EMMA feels let down. Let down by an island she loves.
The following story was in the JEP on 10/2/2021
In 2004 her husband John, then aged just 51, died from a sudden heart attack. Her twins were only five years old and had just started school. 'It was just so cruel; they were still only babies at heart.' She sold her home and moved closer to her family so they could offer support. The following years were tough.
Money was tight, as Emma's earning power was limited with twins to raise. She placed her savings with a local investment management company. T know nothing about investments, so I gave them discretion, comforted by the fact that they were regulated by the Jersey Financial Services Commission (JFSC).'
The performance of some of the investments was disastrous, losing all their value, so she asked friends to have a look at the investments. Without exception they were utterly appalled with what they discovered.
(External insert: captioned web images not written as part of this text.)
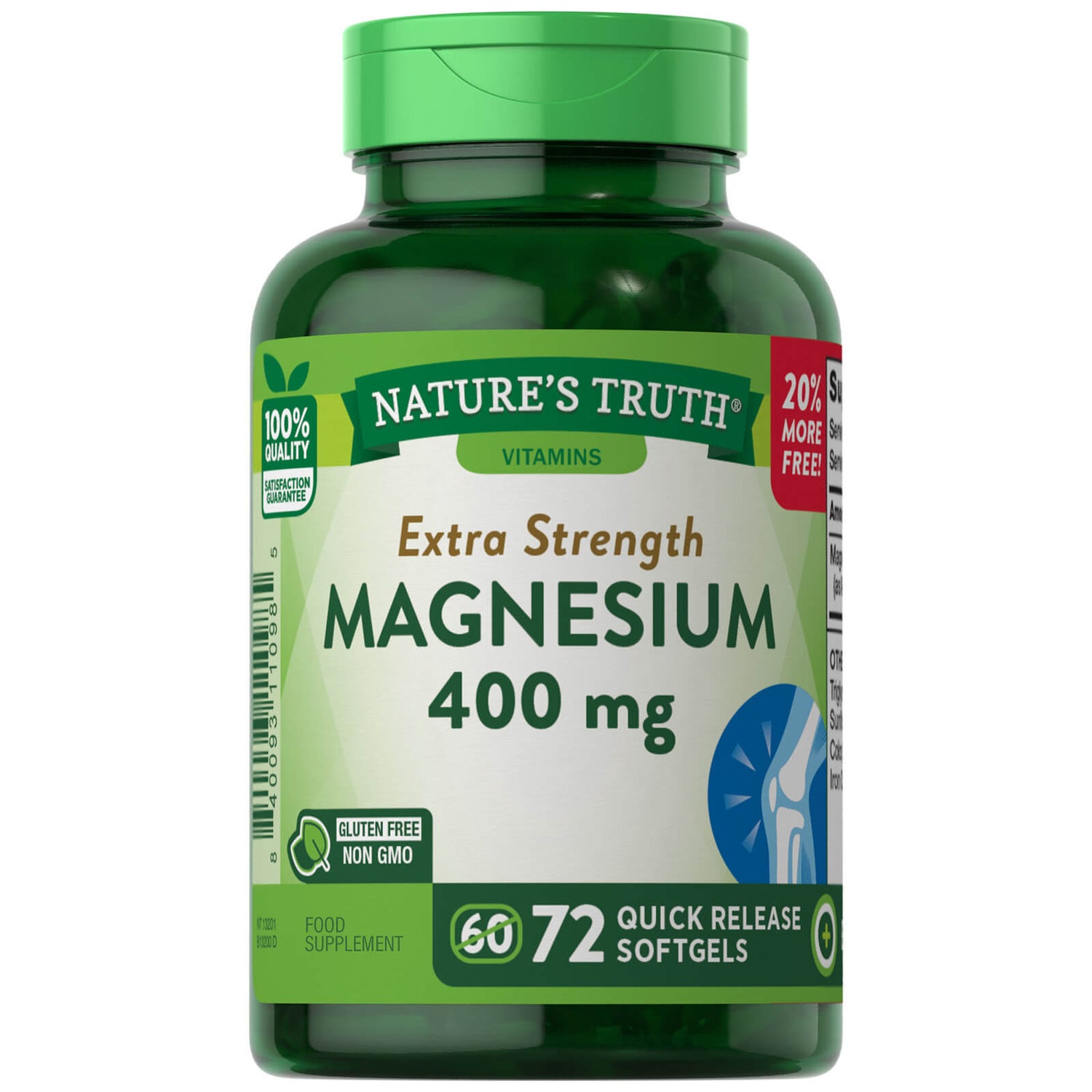 Magnesium 400mg 72 Quick Release Softgels Nature S Truth Uk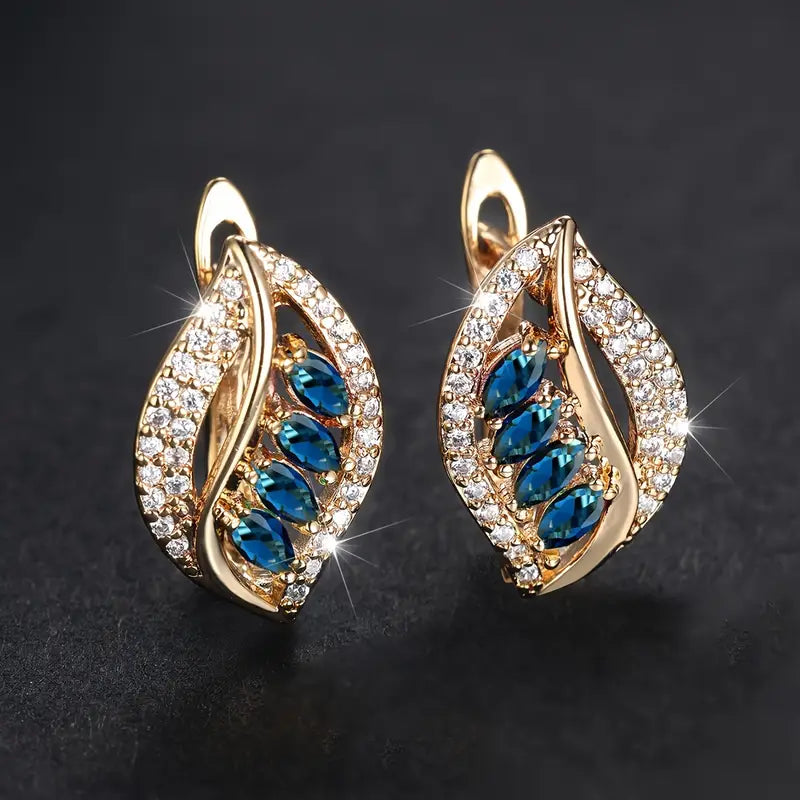 Katrin – Boucles d’Oreilles Dorées Ciel Azur
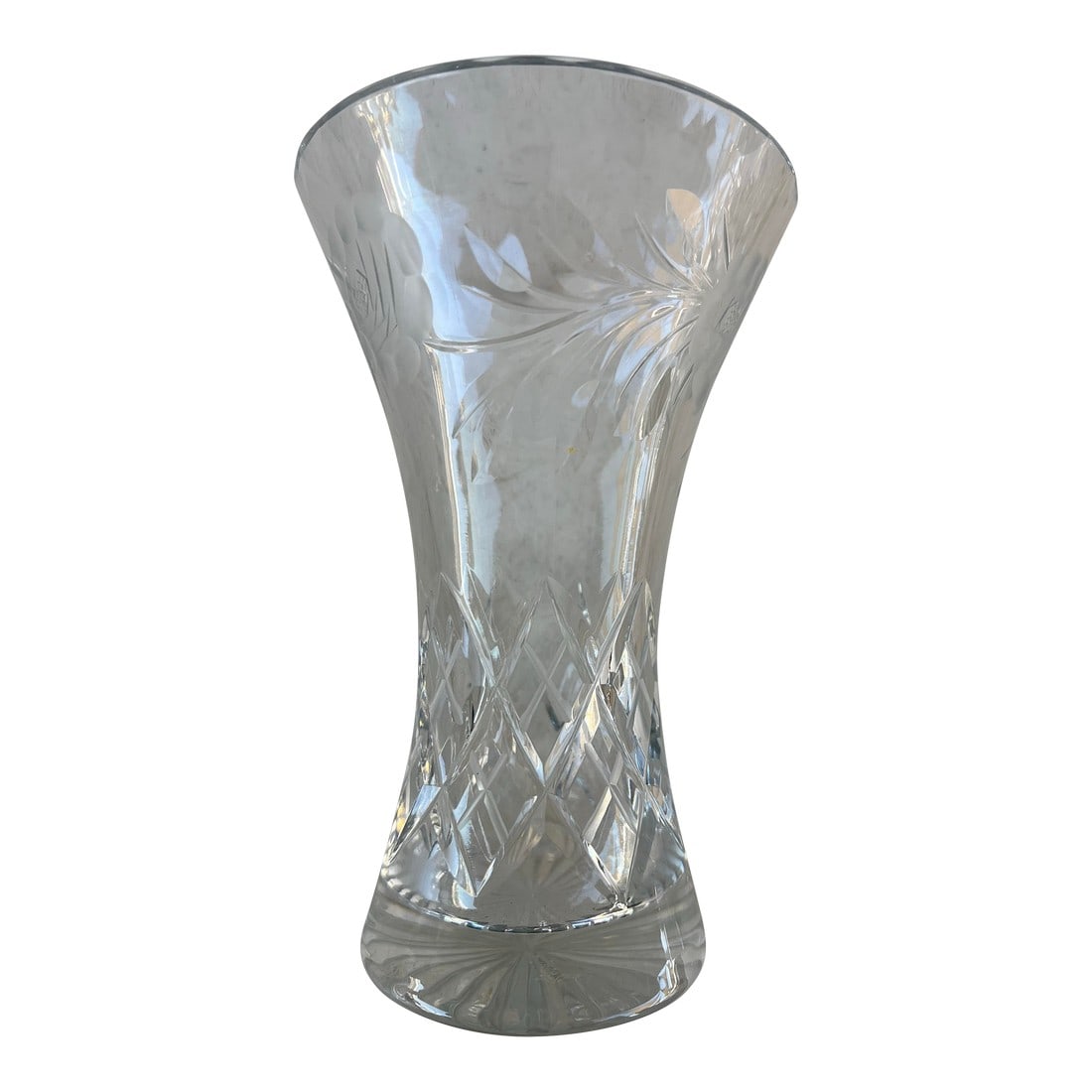 Vintage Crystal Cut Glass Vase With Etched Roses Brierley Signed: A Beautiful Vintage English Royal Brierley Crystal Vase. The vase was made in the 1960s. The clear glass brilliant cut crystal vase stands about 7" tall. The vase is tapered from a 4 1/2" diameter rim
I was a young widow who was extremely reliant on this capital and they lost my money through Investments in a Brazilian shopping centre and a Chinese private equity company.' In each case her investment manager took substantial hidden commissions, which appeared to be the sole attraction of the investments.
With the support of friends she complained to the JFSC in 2017 and has been in regular correspondence with them since.
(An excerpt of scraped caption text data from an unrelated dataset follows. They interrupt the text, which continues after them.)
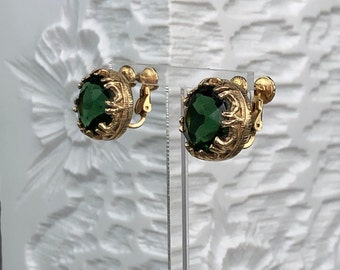 ACCESSOCRAFT NYC signed clip-on earrings with large emerald green faceted crystals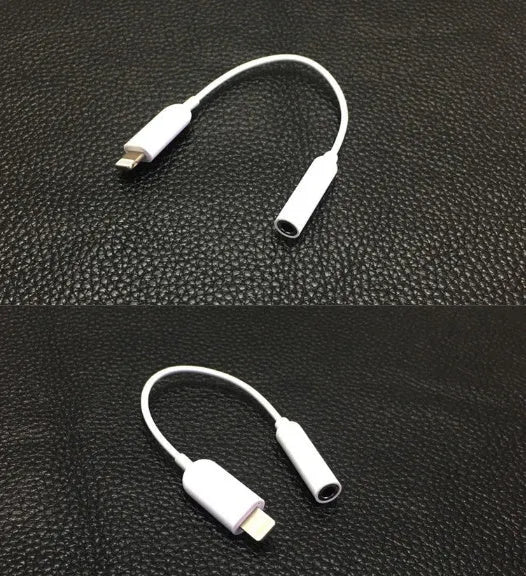 White Lightning to 3.5mm audio adapter cable for iPhone compatibility with 12cm length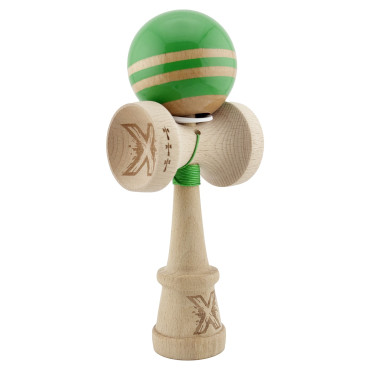 Kendama X Originala RAINBOW, Profesionala, Cyrax, Cupe Mari KING SIZE V3, Super Sticky, Gaura in Baza, Rulment Metalic, din lemn 18 cm, Ata 55 cm, Verde/Maro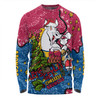 Brisbane Broncos Christmas Custom Long Sleeve T-shirt - Let's Get Lit Chrisse Pressie Long Sleeve T-shirt
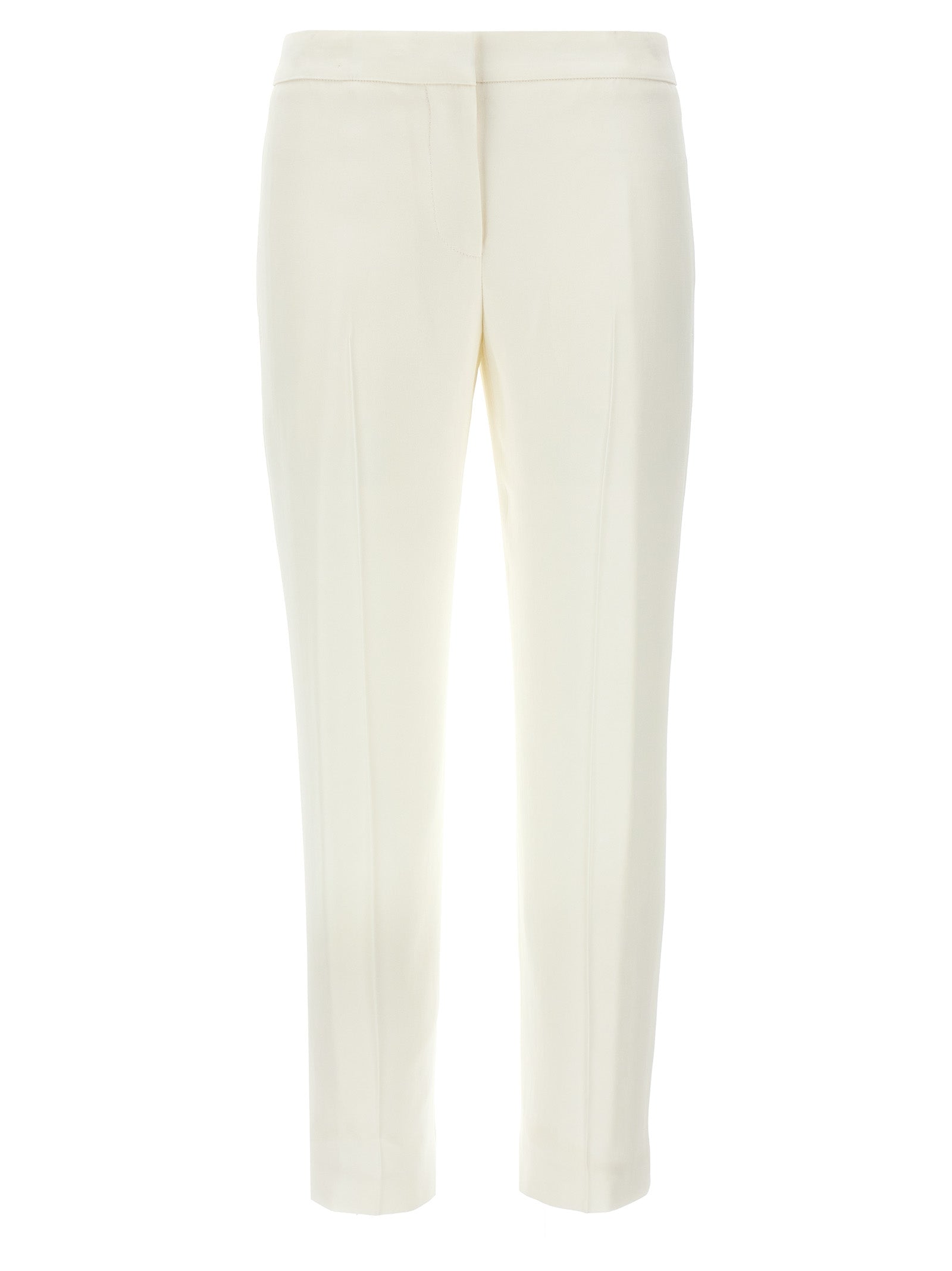 Alexander McQueen Crepe with Ironed Crease Trousers — White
Emma also made a comprehensive complaint to the Jersey ombudsman, who was specifically employed to deal with matters such as this. Like many other investors, she is still waiting for a ruling.
Late last year the affected investors received a communication to attend a meeting at the JFSC. Unfortunately Emma could not attend, as she had to work. The feedback she got from the meeting was that she and all the other investors, could, in laymen's terms, be described as 'go home, have a good cry, and put it behind them'.
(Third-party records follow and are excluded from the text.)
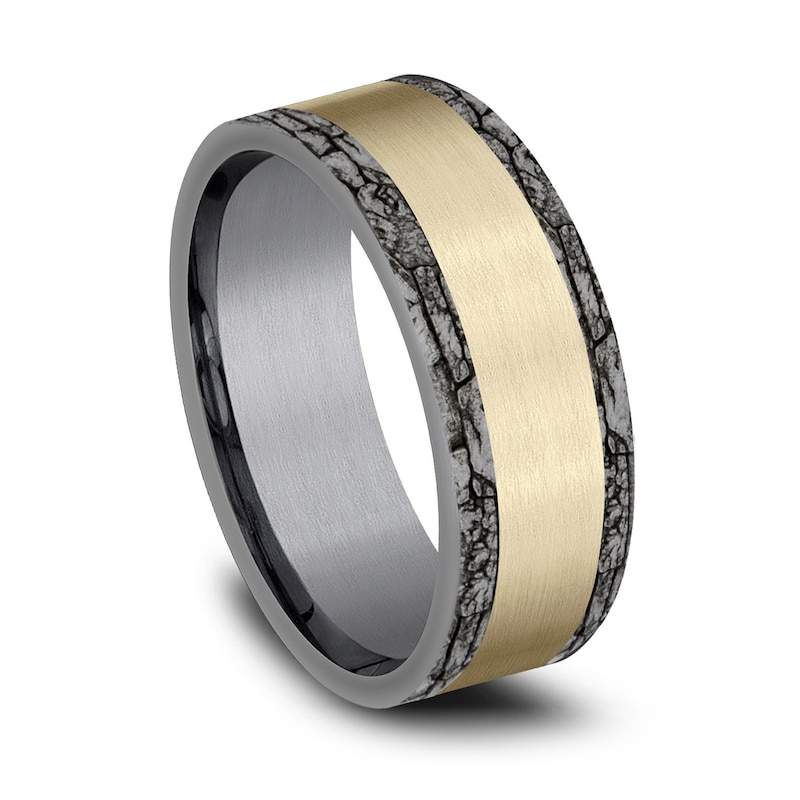 Rock Wedding Band 14K Yellow Gold/Gray Tantalum 8.0mm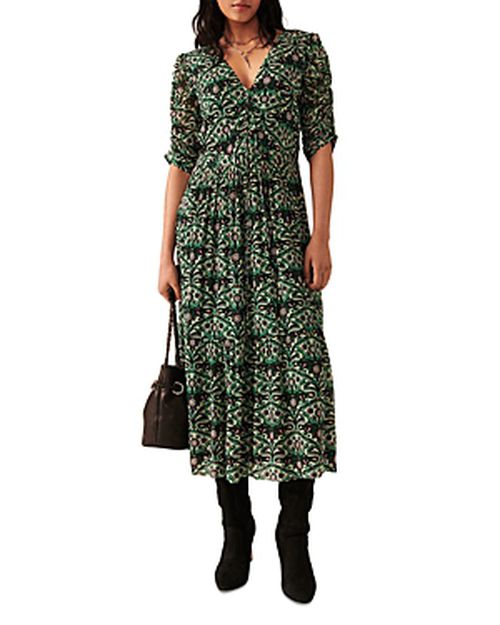 Fine Printed Midi Dress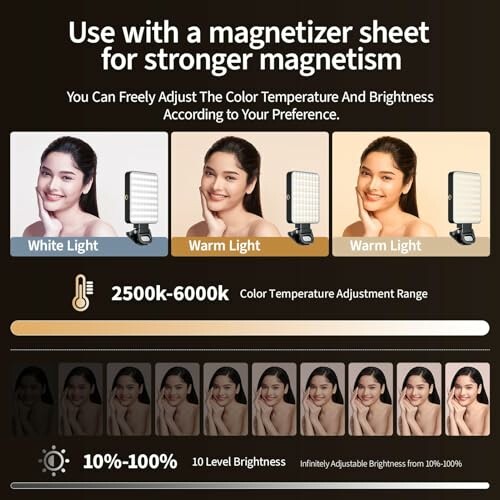 Lighting options with adjustable color temperature and brightness.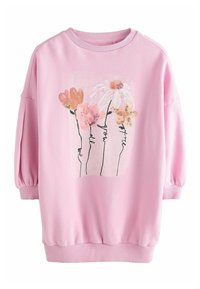 Next REGULAR FIT - Stickad klänning - pink flower graphic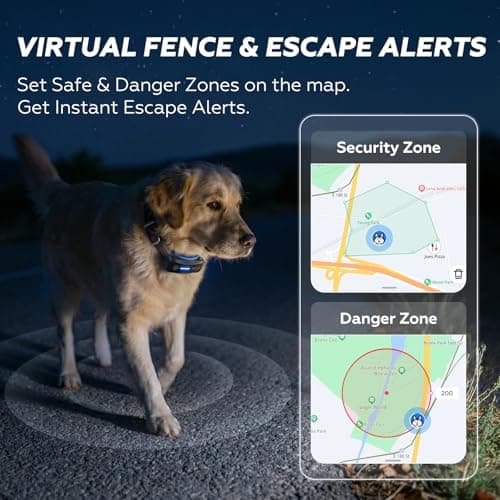 DBDD AI GPS Tracker for Dogs (30lbs+) - Real-Time Location & AI Health Assistant, Electronic Fence Collar for Escape Artists, Waterproof Dog GPS Tracker for Medium Large Dogs, iOS Android - Thumbnail 5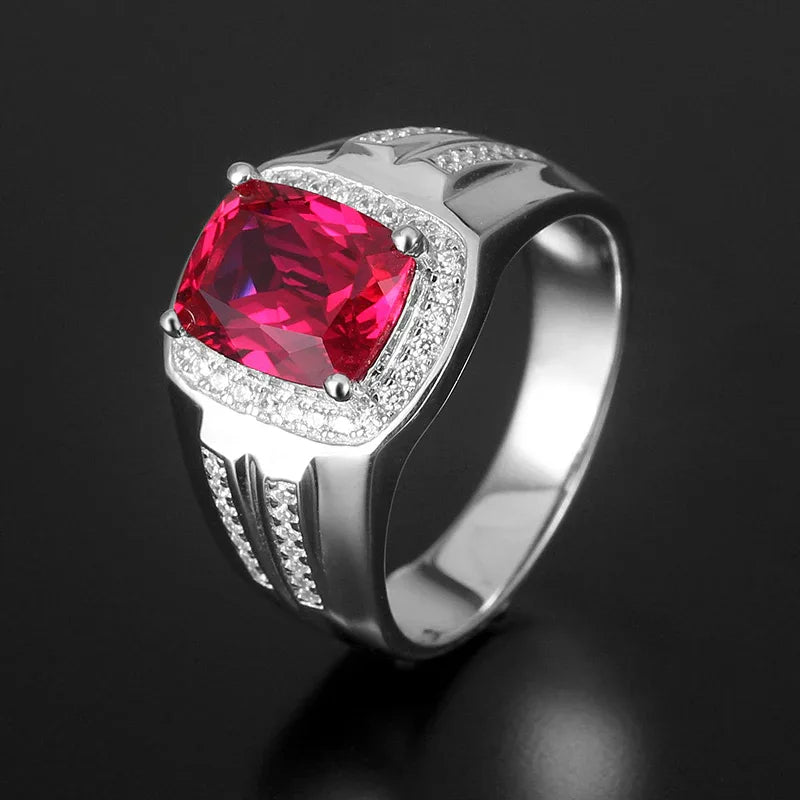 Cushion-Cut Ruby Textured Men's Ring — ring worn on hand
Emma went back and spoke to her friends who had advised her. They pointed out that while the JFSC was responsible for the regulation of the finance industry, they were also responsible for upholding Jersey's reputation - a difficult tightrope to walk. Her case would create bad publicity - given its size and the number of investors affected.
Emma is hopeful that the ombudsman will come to a decision before she dies of old age. The money she lost was not enormous in many people's eyes but is enormous to her.
Seemingly deserted by those paid to protect her she fights on.